Arbitrating Arms Control Disputes

By Fry, James D. | Stanford Journal of International Law, Summer 2008 | Go to article overview

Arbitrating Arms Control Disputes


Fry, James D., Stanford Journal of International Law


 
TABLE OF CONTENTS 
 
  I. INTRODUCTION 
 
 II. THE HISTORY OF INTERNATIONAL ARBITRATION AND ARMS CONTROL 
     A. Arbitration of Military-Related Disputes 
        1. Definitions 
        2. Military-Related Arbitrations from Ancient Times to Today 
     B. The Link between Arbitration and Arms Control 
 
III. ARBITRATION CLAUSES IN ARMS CONTROL AGREEMENTS 
     A. Direct Consent to Arbitration 
        1. IAEA Safeguards Agreements 
           a. The Standard Language 
           b. Variations of the Standard Language 
           c. Genuine Arbitration Clauses 
        3. Convention on the Physical Protection of Nuclear Material 
B. Indirect Consent to Arbitration 
        1. Indirect Consent 
        2. Treaties with Indirect Consent to Arbitration 
           a. Chemical Weapons Convention 
           b. Comprehensive Test Ban Treaty 
           c. Treaty of Tlatelolco 
           d. Ottawa Landmine Convention 
           e. Treaty of Pelindaba 
        3. Consent as the Fundamental Element of Public 
           Arbitration Agreements 
 
 IV. THE BENEFITS FROM SUBMITTING ARMS CONTROL DISPUTES TO 
ARBITRATION 
     A. The Security Council's Ability to Impose the Terms of Settlement 
     B. The Need for the Security Council to Respect Treaties 
        1. U.N. Charter Obligations to Respect Treaties 
        2. Security Council Extra-Treaty Enforcement and the Resulting 
           Problems 
     C. The Due Process Advantages of Arbitration over Security Council 
        Resolution 
     D. Removing the Threat to International Peace and Security 
     E. Response to Potential Fears 
 
  V. CONCLUSION 

I. INTRODUCTION

Over two centuries ago, Benjamin Franklin lamented, "When will mankind be convinced and agree to settle their difficulties by arbitration?" (1) Today, the merits of international arbitration are well known, at least in the commercial and investment realm, (2) so much so that Henry Campbell-Bannerman's wish might be more appropriate for the times: "Gentlemen, I fervently trust that before long the principle of arbitration may win such confidence as to justify its extension to a wider field of international differences." (3) It is debatable whether the time has arrived for arbitration to expand into such sensitive fields as arms control. Although commentators see states as tending not to want to submit politically sensitive disputes to arbitration on account of their importance to national security, (4) in fact arbitration has been used since ancient times to resolve sensitive military-related disputes and conceivably could be applied to arms control disputes notwithstanding their sensitivity. Many dispute settlement provisions in arms control agreements provide for the possibility of arbitration, though they ostensibly have not been used. This includes at least 78 IAEA Safeguards Agreements and six multilateral arms control treaties. Given that several current arms control disputes seem to have reached at least a temporary impasse (namely, those arising from Iran's and North Korea's nuclear ambitions), the stage might be set for arbitration to make its grand entry in this field.

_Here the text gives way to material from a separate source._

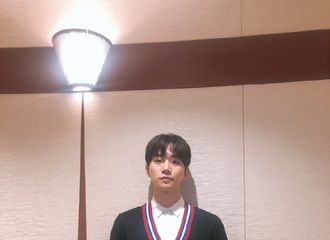 [分享]190121 《玫瑰与郁金香》上映活动1部！是青春气息满满的学长昊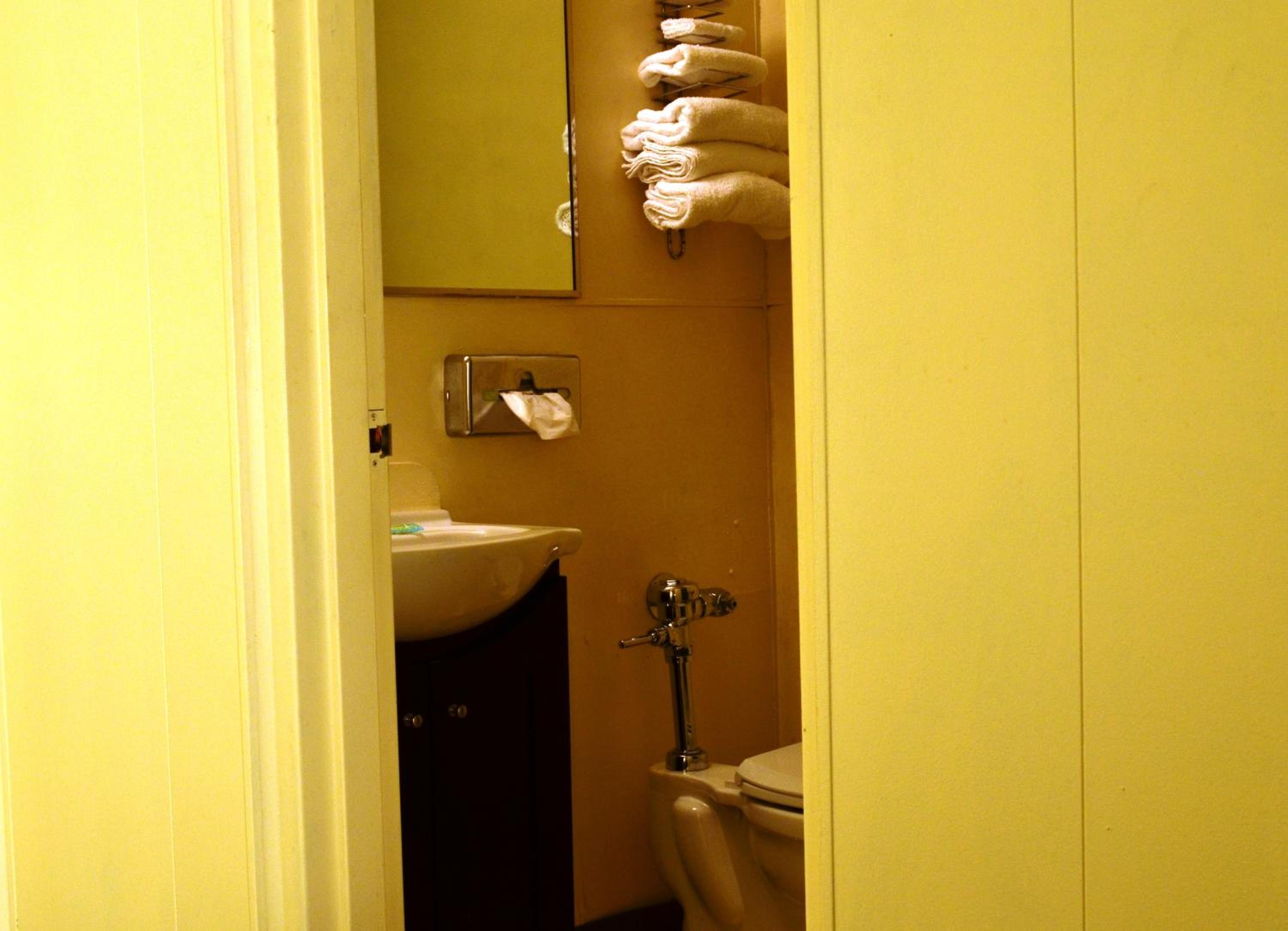 Economy Inn Bluefield - Property Image 4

Disputes over compliance with arms control agreements are inevitable. (5) Relying on arbitration to resolve such disputes might be a viable option that states and the international community should consider in trying to maintain international peace and security. On the one hand, states such as Iran and North Korea might find it beneficial to invoke the arbitration clauses found in key arms control agreements vis-a-vis letting the international community, via its main agent the Security Council, dictate how they must change their actions. (6) At the same time, the international community should consider that the difficulties in the current negotiations with such states as Iran and North Korea arise partly out of shortcomings in the process and are not wholly substantive in nature.